On Support Relations Inference and Scene Hierarchy Graph Construction from Point Cloud in Clustered Environments
Gang Ma, Hui Wei
TL;DR
The paper addresses 3D scene understanding in clustered environments by extracting plane primitives from RGBD point clouds, constructing an adjacency graph, and inferring support relations through a bottom-up pipeline that culminates in a hierarchical scene graph. It introduces a combinatorial optimization formulation for primitive classification and a two-stage Local/Global support inference, demonstrated on the OSD and OCID datasets with strong primitive and graph-level performance. The key contributions are (i) a spatial-configuration detector for plane pairs, (ii) a robust primitive classification framework solved via a unary quadratic integer program, and (iii) a scalable, two-level scene hierarchy graph with an invisible root to ensure traversability.

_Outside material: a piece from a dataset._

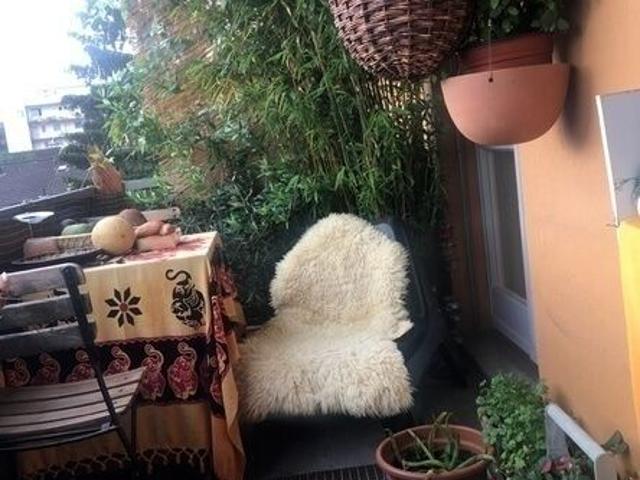 Apartment kaufen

This approach complements RGB-based methods by leveraging rich 3D geometry and topology to enable more reliable grasping and task planning in robotic systems.
Abstract
Over the years, scene understanding has attracted a growing interest in computer vision, providing the semantic and physical scene information necessary for robots to complete some particular tasks autonomously. In 3D scenes, rich spatial geometric and topological information are often ignored by RGB-based approaches for scene understanding. In this study, we develop a bottom-up approach for scene understanding that infers support relations between objects from a point cloud. Our approach utilizes the spatial topology information of the plane pairs in the scene, consisting of three major steps. 1) Detection of pairwise spatial configuration: dividing primitive pairs into local support connection and local inner connection; 2) primitive classification: a combinatorial optimization method applied to classify primitives; and 3) support relations inference and hierarchy graph construction: bottom-up support relations inference and scene hierarchy graph construction containing primitive level and object level. Through experiments, we demonstrate that the algorithm achieves excellent performance in primitive classification and support relations inference. Additionally, we show that the scene hierarchy graph contains rich geometric and topological information of objects, and it possesses great scalability for scene understanding.